Why xargs does not process the last argument?

Question

Observe:

mark@L-R910LPKW:~$ echo a b | xargs -d' ' -I{} bash -c 'echo {} 1'
a 1
b
bash: line 2: 1: command not found
mark@L-R910LPKW:~$

What is going on?

Answer 1

What went wrong

b appears in the output, so it was processed, just not the way you expected.

As a first step, ask bash to tell you what it sees: pass the -x option to enable its traces.

$ echo a b | xargs -d' ' -I{} bash -x -c 'echo {} 1'
+ echo a 1
a 1
+ echo b
b
+ 1
bash: line 2: 1: command not found

So bash was first invoked code line echo a 1 as expected. But the next line is echo b and not echo b 1 as you presumably expected. And there's an extra line with 1. Why?

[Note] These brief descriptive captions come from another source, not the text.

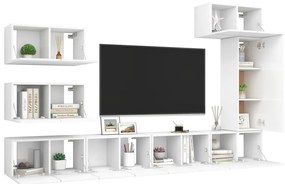 8 pcs conjunto de móveis de TV derivados de madeira branco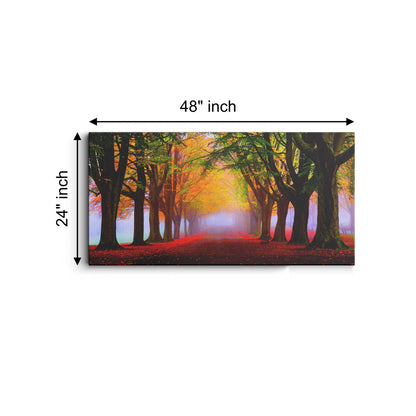 Mad Masters Park fall fog foliage trees canvas wall painting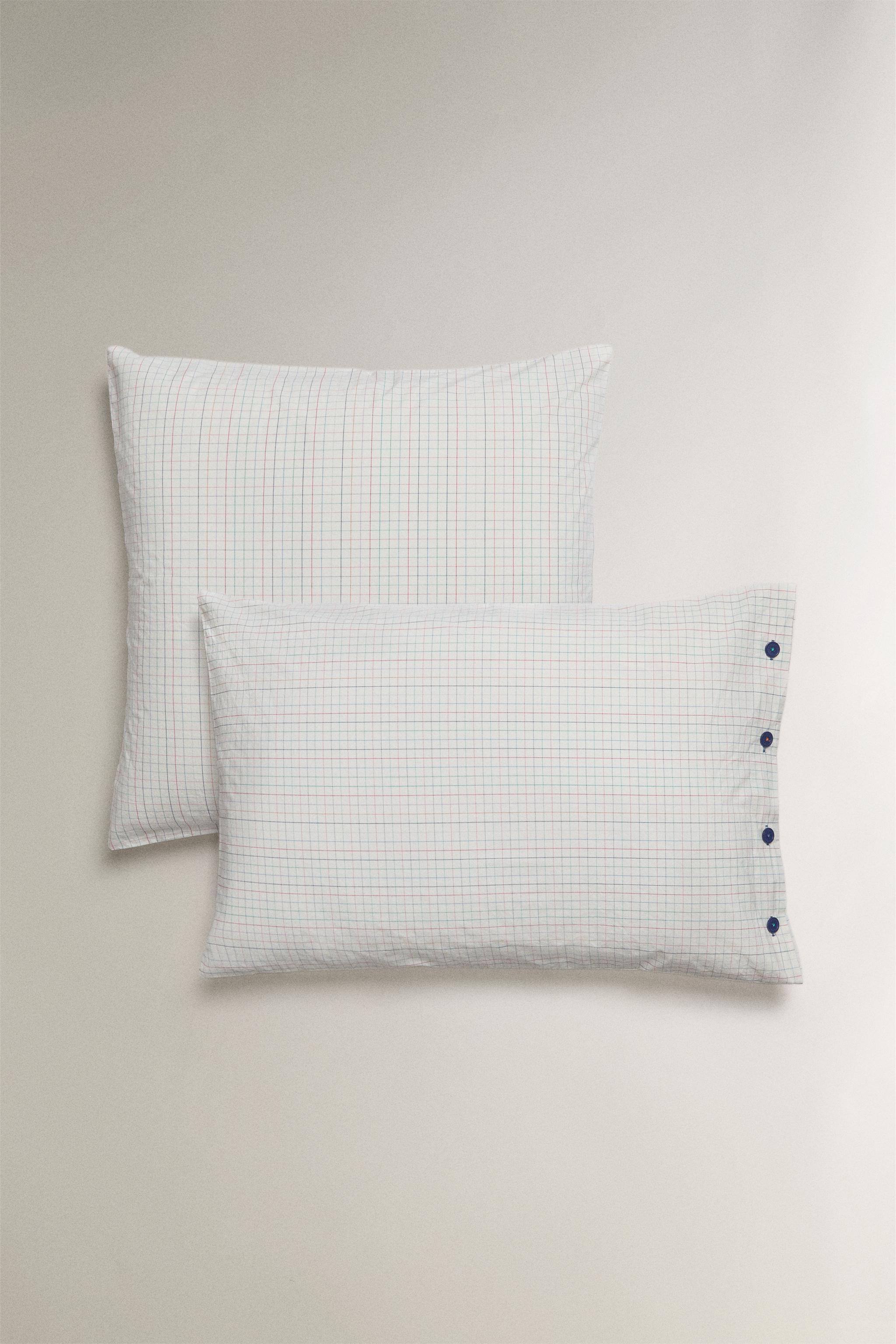 TAIE D’OREILLER ENFANT COTON CARREAUX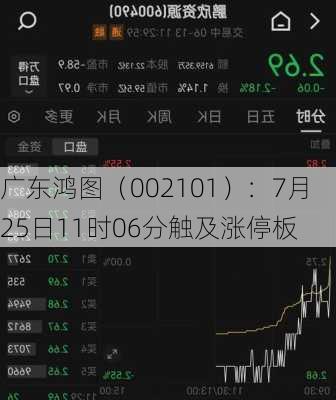 广东鸿图（002101）：7月25日11时06分触及涨停板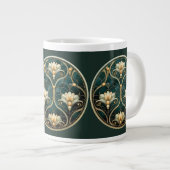 Art Deco groen goud witte vintage uitstraling Grote Koffiekop (Voorkant rechts)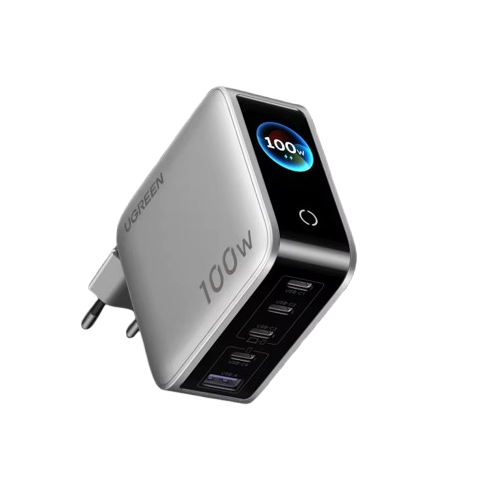 Зарядное устройство UGREEN X773 Nexode Pro 100W 5-Port GaN Fast Charger с интеллектуальным дисплеем/поддержкой QC 4.0/PD 3.0 USB-C Grey (65620)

Well, you told xargs to split at spaces. And you passed the input a b where is a newline. So xargs saw that the input contains two fragments: a and b . As instructed, xargs called bash for each fragment: first to execute echo a 1, then to execute echo b 1.

How to do it right

Some versions of find or xargs let you embed {} in a shell fragment. This is almost always a bad idea, which will break with some file names or other data, and is often a security vulnerability. Pass the data as a separate argument.

Is it possible to use `find -exec sh -c` safely?

Answer 2

As Gilles mentioned in their answer, the -d ' ' option to GNU xargs makes it consider the space, and only the space, as a separator, leaving the newline as part of the data, here embedded in your shell code like the letters themselves. That might not be what you want. (Likely the most common use for -d is -d '\n' to tell it to just use lines as-is, without any of the further processing that e.g. -L does.)

If, instead, you want to get each whitespace-separated word as a separate item, one option is to utilize the default behaviour where it splits items on whitespace, so this works directly:

$ echo a b | xargs -n1 bash -c 'echo "$1" 1' sh
a 1
b 1

Just note that it also processes quotes and backslashes (in a way slightly different from the shell), so that's not the same as using whitespace only as separator. The input a "b c" would produce the items a and b c.

Or, you could use -d with tr to preprocess the input and fold all characters you want to use as separators to one single character:

$ printf 'a b\nc\n' | tr ' ' '\n' | xargs -d'\n' -n1 bash -c 'echo "$1" 1' sh
a 1
b 1
c 1

However, -d isn't standard, and I think only implemented in GNU xargs, so you might want to instead use -0 which has wider support:

$ printf 'a b\nc\n' | tr ' \n' '\0' | xargs -0 -n1 bash -c 'echo "$1" 1' sh
a 1
b 1
c 1

In any case, avoid embedding the value directly into the shell snippet, as that's unsafe and impossible to get to work correctly with arbitrary values.